Google Deepmind has introduced a new AI model capable of operating web and mobile interfaces. The Gemini 2.5 Computer Use model is now available in preview.
Developers can access it through the Gemini API. Built on Gemini 2.5 Pro, the model is designed to help agents interact directly with graphical user interfaces.
It works in a continuous loop: the system receives a screenshot of the environment, the user's request, and a record of past actions. From this, it generates UI actions like clicking, typing, or scrolling. After each action, a new screenshot is sent back to the model, and the process repeats.
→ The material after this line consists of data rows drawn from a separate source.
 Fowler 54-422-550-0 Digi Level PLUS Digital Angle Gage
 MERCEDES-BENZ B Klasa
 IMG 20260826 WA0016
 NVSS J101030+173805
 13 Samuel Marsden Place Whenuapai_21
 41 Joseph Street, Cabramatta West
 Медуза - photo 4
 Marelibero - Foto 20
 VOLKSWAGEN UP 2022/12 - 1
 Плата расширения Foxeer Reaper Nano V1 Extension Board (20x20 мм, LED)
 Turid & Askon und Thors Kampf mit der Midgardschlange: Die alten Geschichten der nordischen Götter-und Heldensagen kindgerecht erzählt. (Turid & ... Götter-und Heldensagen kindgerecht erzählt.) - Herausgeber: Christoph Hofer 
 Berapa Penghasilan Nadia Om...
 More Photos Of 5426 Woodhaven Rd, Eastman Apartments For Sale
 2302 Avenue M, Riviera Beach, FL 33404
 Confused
Google says the model is primarily optimized for web browsers but can also handle mobile UI control. It is not yet intended for desktop operating system-level tasks.
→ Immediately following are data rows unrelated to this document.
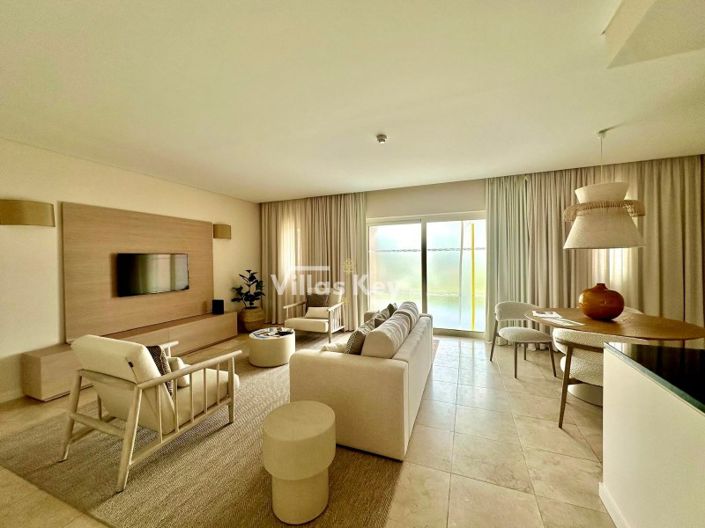 Image No.5-Villa de 3 chambres à vendre à Lagoa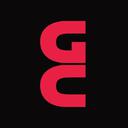 project-logo-img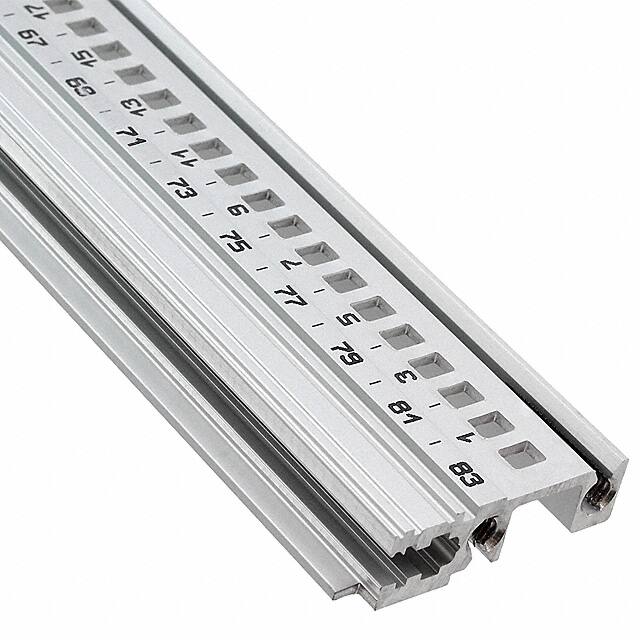 Schroff-34560284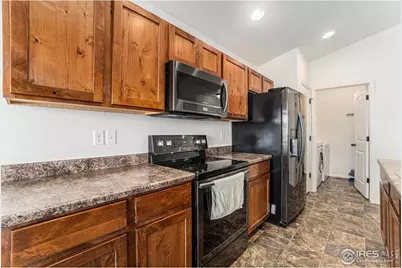 586 Cherryridge Dr, Windsor, CO 80550 - Photo 8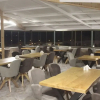 Отель Otel MoonRose, фото 12
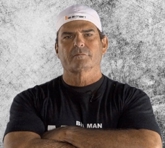 Picture for category BE A MAN GUY (HARMON)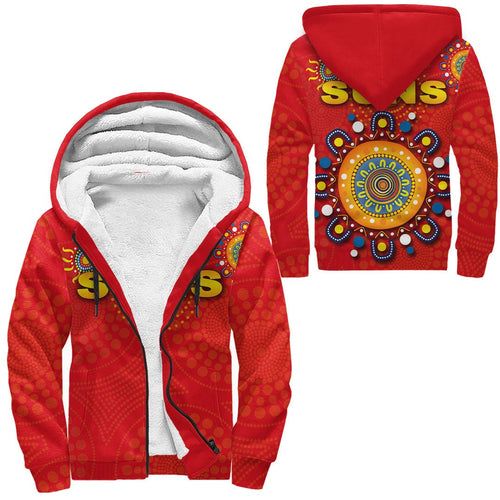 vibehoodie-hoodie-greater-western-sydney-giants-indigenous-limited-football-team-sherpa-hoodies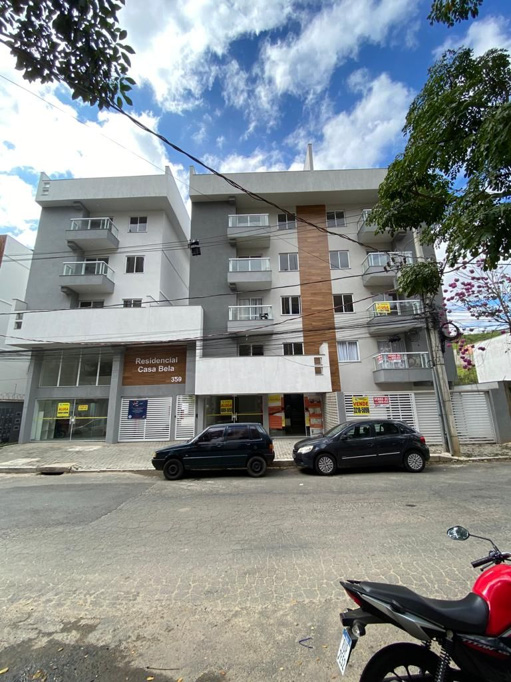 Foto cadastro cód. 161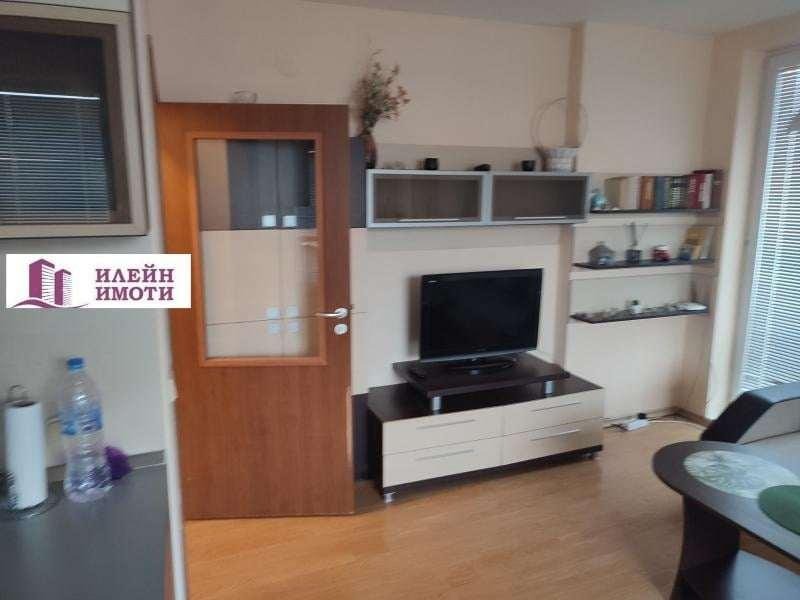 ���� ��� ���� 2-����� | Imot.bg � ����������� 6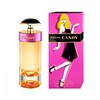 Духи Prada Candy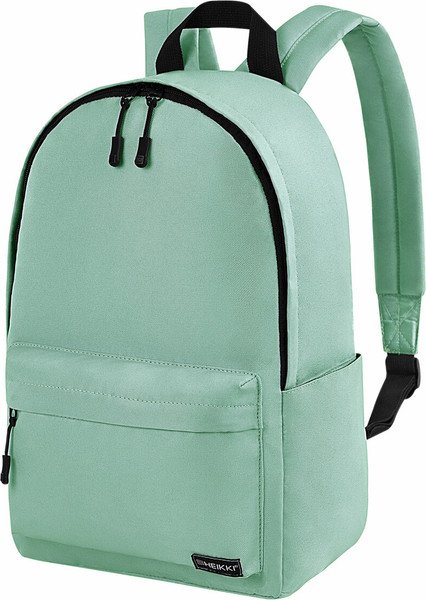 Изображение товара Рюкзак Heikki Positive / 272554 (оливковый)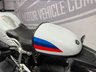 USED 2017 17 BMW R NINET RACER - BUY ONLINE 24 HRS A DAY - FINANCE AVAILABLE - ALL TYPES OF CREDIT ACCEPTED ONLY 2,399 MILES FROM NEW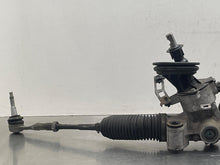 Load image into Gallery viewer, Steering Gear Rack  ENVISION 2018 - NW576689
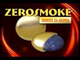 Магниты против курения zerosmoke купить в Туле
According to Google, the model outperforms alternatives in benchmarks like Online-Mind2Web, WebVoyager, and AndroidWorld. These results come from internal tests and evaluations by Browserbase. It reportedly reaches over 70 percent accuracy with an average latency of about 225 seconds.
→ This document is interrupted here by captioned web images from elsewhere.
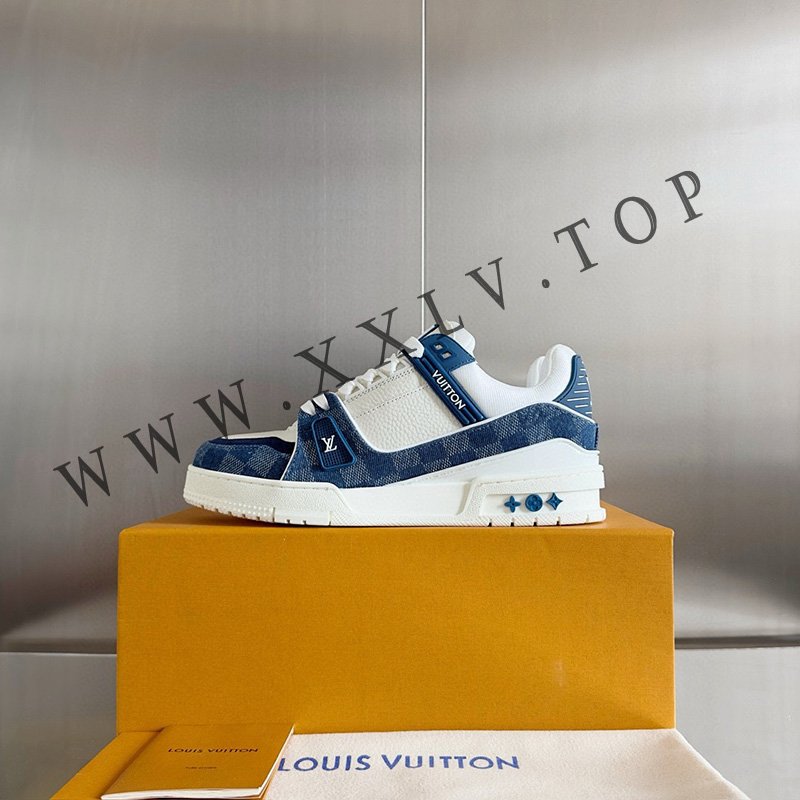 wsxc1754989420044 4
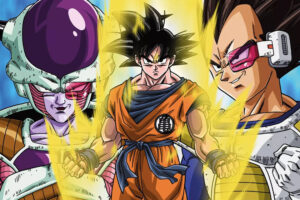 Estrenos (25 de diciembre). 21 series, películas y documentales en Netflix, Prime Video, Disney+, Movistar Plus+, Filmin y SkyShowtime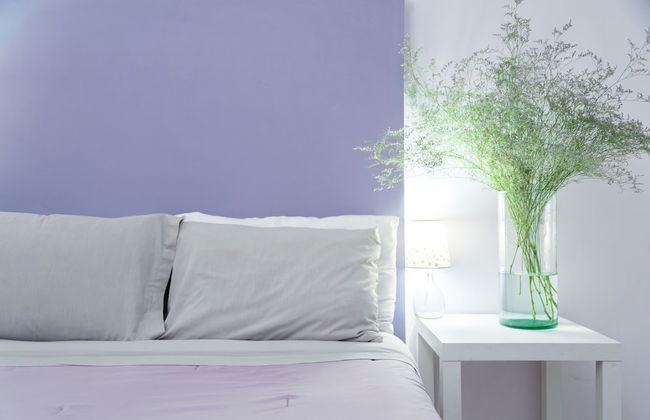 Cozy Vintage Flat - Foto 11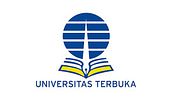 Indonesia Open University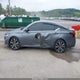 1N4BL4CV1KC183558 2019 Nissan Altima 2.5 Sr auction photo thumbnail 6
Safety mechanisms against misuse
Google identifies three main risks: intentional misuse by users, unexpected model behavior, and prompt injections on the web. The company says it has built safety features directly into the model.
A per-step safety service reviews every proposed action before execution. Developers can also use system instructions to require user confirmation or block specific high-stakes actions, such as bypassing CAPTCHAs or controlling medical devices.
Google is already using the model internally for UI testing, Project Mariner, the Firebase Testing Agent, and the AI Mode in Search. Gemini 2.5 Computer Use is available through Google AI Studio and Vertex AI, with a demo environment hosted by Browserbase.